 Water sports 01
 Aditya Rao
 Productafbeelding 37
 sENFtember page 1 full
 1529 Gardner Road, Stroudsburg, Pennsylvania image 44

····················

Try it: In full and unchanged, repeat the data above.

Solution to the problem:
 Water sports 01
 Aditya Rao
 Productafbeelding 37
 sENFtember page 1 full
 1529 Gardner Road, Stroudsburg, Pennsylvania image 44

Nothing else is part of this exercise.